> EXERCISE DESCRIPTION:
In the listing below, how many lines hold "Leather"? Give the number only.

MATERIAL FOR THE TASK: Begin

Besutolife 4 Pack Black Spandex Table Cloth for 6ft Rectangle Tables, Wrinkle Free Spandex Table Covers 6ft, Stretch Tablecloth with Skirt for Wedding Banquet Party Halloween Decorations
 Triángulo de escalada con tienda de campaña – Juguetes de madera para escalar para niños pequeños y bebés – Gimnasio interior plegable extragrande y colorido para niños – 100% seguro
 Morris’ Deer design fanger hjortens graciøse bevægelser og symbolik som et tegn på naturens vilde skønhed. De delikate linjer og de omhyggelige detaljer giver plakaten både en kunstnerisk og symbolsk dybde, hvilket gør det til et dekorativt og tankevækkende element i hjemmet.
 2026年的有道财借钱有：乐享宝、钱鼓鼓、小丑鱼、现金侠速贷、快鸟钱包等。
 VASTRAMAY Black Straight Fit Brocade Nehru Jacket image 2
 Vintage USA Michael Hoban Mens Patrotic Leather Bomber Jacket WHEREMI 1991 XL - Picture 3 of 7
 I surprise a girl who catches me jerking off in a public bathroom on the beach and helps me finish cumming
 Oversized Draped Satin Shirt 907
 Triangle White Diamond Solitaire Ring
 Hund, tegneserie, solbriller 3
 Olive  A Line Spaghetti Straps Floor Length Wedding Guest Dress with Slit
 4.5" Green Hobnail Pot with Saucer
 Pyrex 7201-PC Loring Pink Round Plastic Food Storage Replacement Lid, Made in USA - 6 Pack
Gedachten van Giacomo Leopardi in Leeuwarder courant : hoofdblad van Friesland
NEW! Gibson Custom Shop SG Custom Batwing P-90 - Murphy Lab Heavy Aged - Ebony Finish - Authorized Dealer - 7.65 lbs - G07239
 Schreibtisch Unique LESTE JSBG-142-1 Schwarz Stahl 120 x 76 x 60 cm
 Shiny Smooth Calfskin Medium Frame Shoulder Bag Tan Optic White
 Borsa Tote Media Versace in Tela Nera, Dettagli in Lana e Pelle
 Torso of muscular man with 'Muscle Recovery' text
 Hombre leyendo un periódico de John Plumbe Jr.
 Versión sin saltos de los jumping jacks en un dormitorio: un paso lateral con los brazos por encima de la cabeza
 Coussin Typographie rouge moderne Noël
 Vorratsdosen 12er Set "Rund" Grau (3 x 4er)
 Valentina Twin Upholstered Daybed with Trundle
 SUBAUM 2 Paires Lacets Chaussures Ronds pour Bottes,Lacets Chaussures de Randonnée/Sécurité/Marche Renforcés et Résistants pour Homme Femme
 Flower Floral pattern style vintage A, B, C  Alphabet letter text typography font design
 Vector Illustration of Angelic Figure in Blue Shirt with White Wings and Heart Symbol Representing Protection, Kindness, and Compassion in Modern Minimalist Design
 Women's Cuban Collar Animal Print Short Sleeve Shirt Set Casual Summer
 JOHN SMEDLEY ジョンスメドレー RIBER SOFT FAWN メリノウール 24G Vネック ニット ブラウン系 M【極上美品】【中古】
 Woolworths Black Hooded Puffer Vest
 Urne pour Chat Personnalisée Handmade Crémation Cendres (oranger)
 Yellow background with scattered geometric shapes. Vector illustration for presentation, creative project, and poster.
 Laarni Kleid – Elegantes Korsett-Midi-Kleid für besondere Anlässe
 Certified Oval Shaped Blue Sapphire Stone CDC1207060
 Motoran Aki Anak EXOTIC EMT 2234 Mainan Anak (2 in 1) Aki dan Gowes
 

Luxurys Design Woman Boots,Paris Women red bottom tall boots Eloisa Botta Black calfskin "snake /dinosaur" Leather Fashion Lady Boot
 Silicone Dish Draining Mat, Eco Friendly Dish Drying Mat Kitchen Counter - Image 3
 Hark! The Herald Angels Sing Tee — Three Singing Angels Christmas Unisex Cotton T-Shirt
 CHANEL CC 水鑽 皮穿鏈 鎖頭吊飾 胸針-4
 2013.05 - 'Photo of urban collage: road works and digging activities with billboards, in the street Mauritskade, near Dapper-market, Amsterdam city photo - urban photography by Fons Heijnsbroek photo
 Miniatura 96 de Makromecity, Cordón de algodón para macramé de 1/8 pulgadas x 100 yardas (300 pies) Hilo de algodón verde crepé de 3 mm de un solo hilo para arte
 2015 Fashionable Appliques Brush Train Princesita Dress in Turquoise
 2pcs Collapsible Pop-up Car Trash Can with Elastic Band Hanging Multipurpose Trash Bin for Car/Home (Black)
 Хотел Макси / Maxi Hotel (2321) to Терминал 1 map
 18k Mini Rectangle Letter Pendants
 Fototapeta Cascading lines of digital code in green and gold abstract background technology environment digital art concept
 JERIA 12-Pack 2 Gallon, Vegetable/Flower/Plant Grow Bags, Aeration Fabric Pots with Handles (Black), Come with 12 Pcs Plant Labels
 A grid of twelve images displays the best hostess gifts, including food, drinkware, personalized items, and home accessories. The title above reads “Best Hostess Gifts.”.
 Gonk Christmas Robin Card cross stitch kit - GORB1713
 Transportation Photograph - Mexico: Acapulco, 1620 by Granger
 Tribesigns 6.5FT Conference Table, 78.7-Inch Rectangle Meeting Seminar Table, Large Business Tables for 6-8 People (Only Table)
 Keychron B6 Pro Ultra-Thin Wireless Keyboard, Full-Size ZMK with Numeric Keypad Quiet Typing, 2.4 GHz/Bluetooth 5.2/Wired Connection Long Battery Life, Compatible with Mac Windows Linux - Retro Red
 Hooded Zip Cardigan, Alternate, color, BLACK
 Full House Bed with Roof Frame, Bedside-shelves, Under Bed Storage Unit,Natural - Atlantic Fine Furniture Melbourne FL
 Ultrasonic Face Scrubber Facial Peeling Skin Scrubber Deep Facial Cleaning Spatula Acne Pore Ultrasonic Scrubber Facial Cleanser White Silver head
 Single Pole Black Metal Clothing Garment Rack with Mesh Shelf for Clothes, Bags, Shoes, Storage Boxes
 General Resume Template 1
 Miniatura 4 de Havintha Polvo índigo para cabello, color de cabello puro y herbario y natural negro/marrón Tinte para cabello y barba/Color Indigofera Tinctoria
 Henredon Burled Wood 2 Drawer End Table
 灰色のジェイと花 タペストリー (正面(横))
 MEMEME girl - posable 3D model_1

MATERIAL FOR THE TASK: End

> SOLUTION FOR THIS TASK:
2